**EXTRACTED RECORDS**:

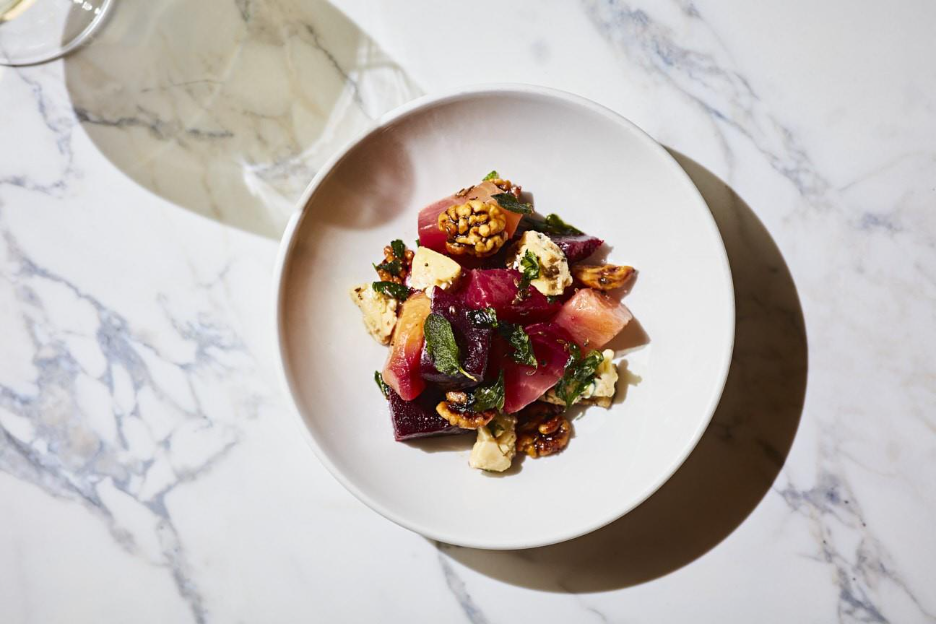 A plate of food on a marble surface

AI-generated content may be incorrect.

...

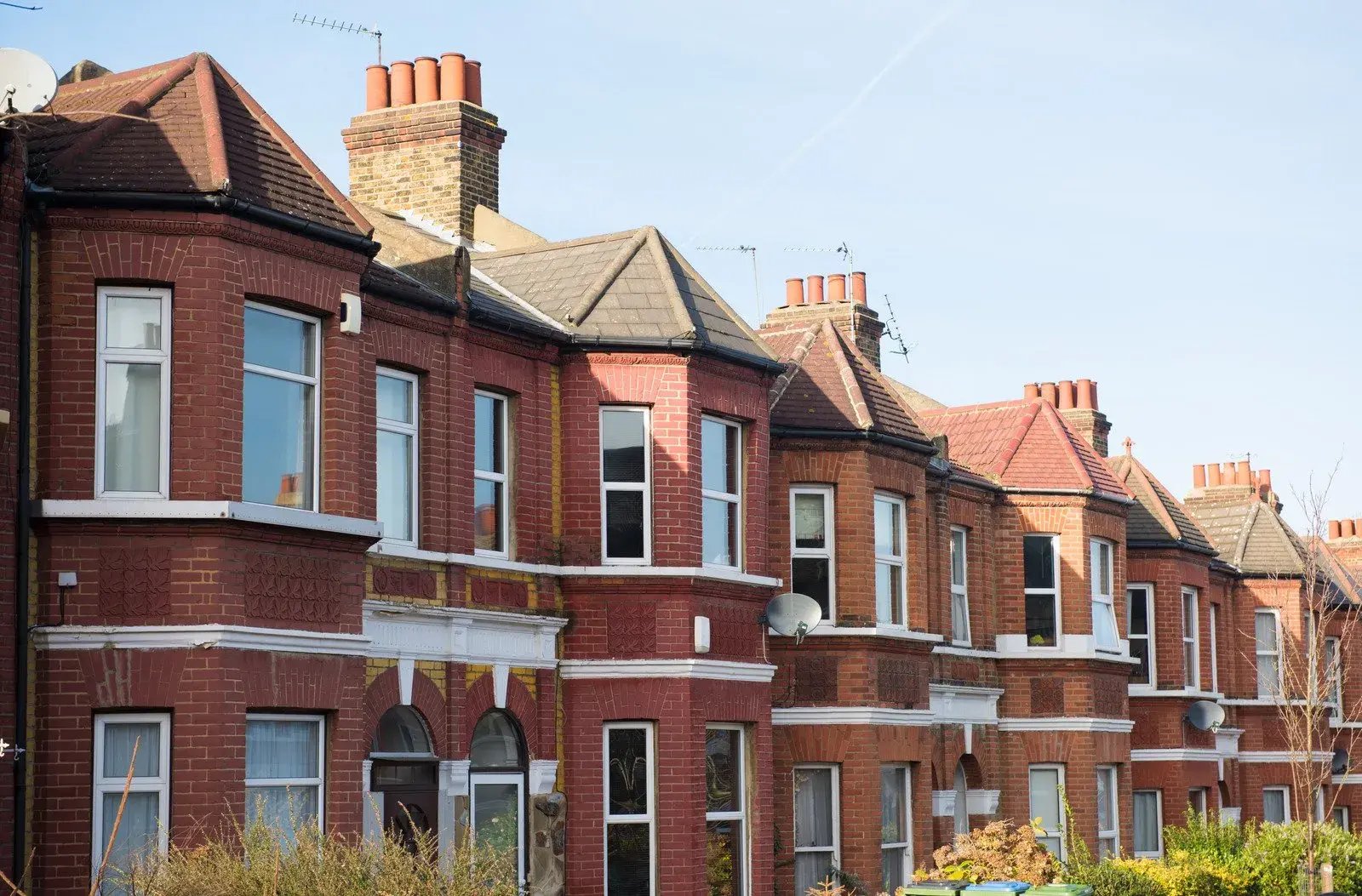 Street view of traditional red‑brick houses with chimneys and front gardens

--

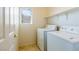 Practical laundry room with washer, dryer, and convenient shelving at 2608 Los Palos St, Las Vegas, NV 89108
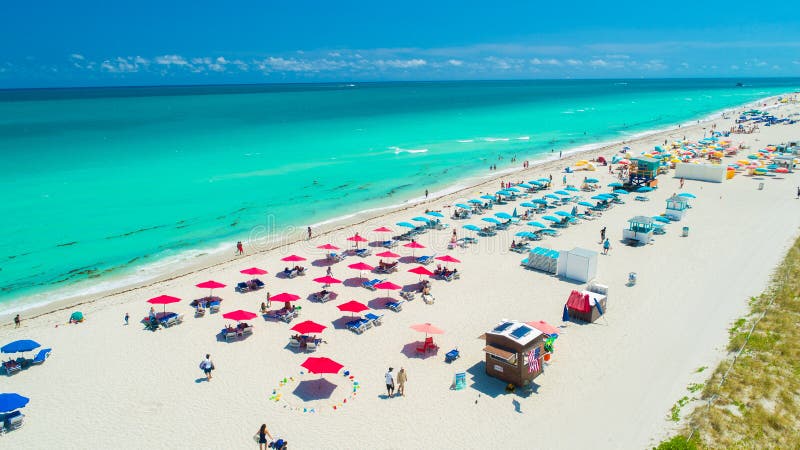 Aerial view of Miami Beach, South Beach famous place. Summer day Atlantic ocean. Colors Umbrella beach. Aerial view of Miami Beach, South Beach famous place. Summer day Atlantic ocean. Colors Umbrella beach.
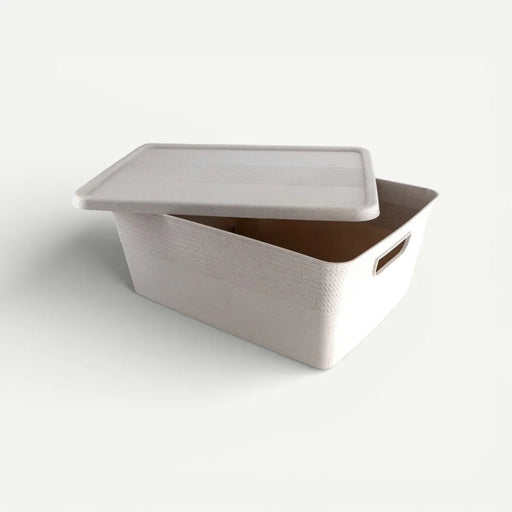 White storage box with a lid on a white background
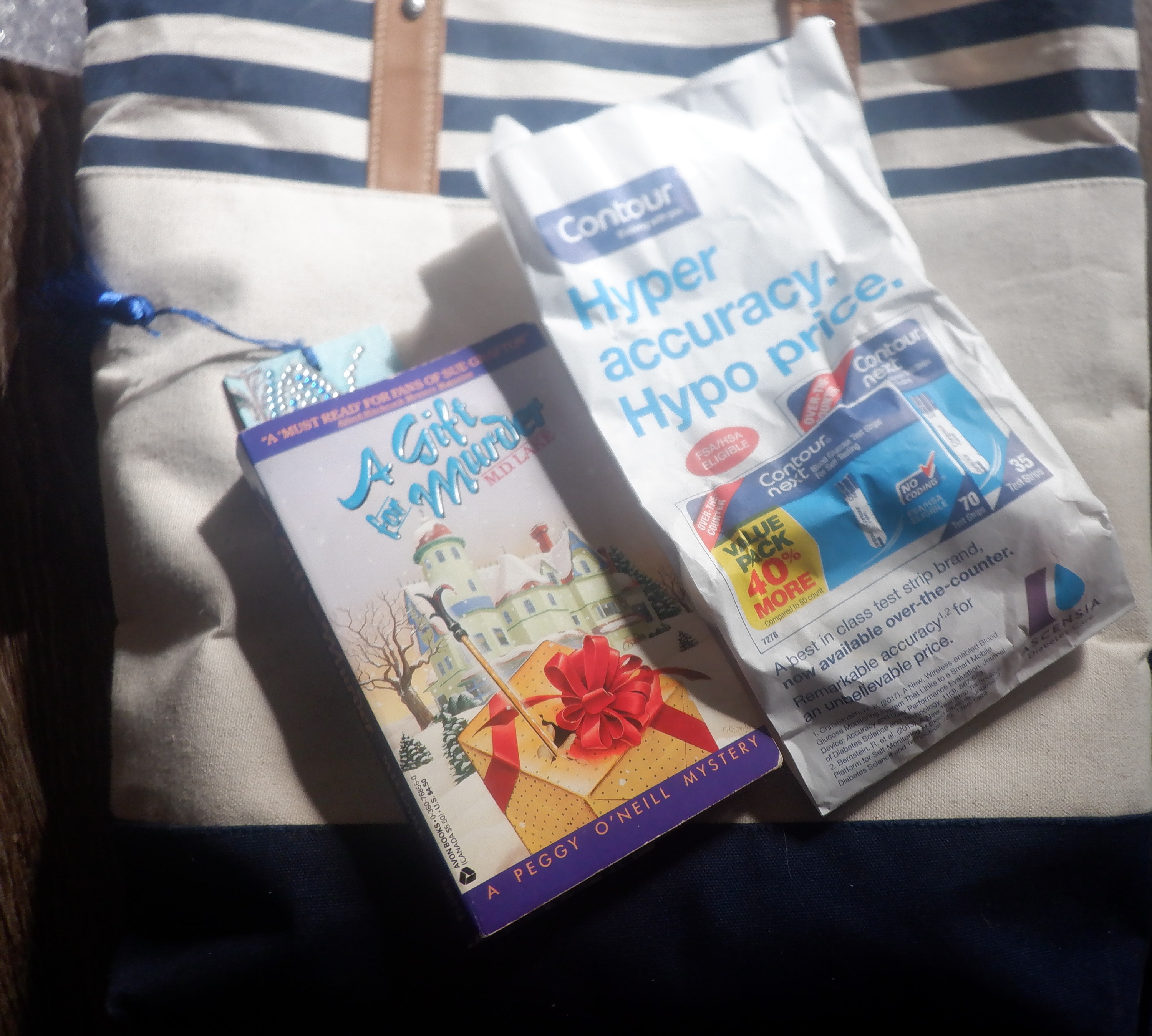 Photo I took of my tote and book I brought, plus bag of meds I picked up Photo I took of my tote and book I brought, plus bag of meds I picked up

**ABOUT THIS EXERCISE**: Without the pictures, give again exactly the lines above starting at the line containing "Umbrella beach. Aerial" and ending at the line containing "picked up Photo".

**ANSWER TO THIS EXERCISE**:
 Aerial view of Miami Beach, South Beach famous place. Summer day Atlantic ocean. Colors Umbrella beach. Aerial view of Miami Beach, South Beach famous place. Summer day Atlantic ocean. Colors Umbrella beach.
 White storage box with a lid on a white background
 Photo I took of my tote and book I brought, plus bag of meds I picked up Photo I took of my tote and book I brought, plus bag of meds I picked up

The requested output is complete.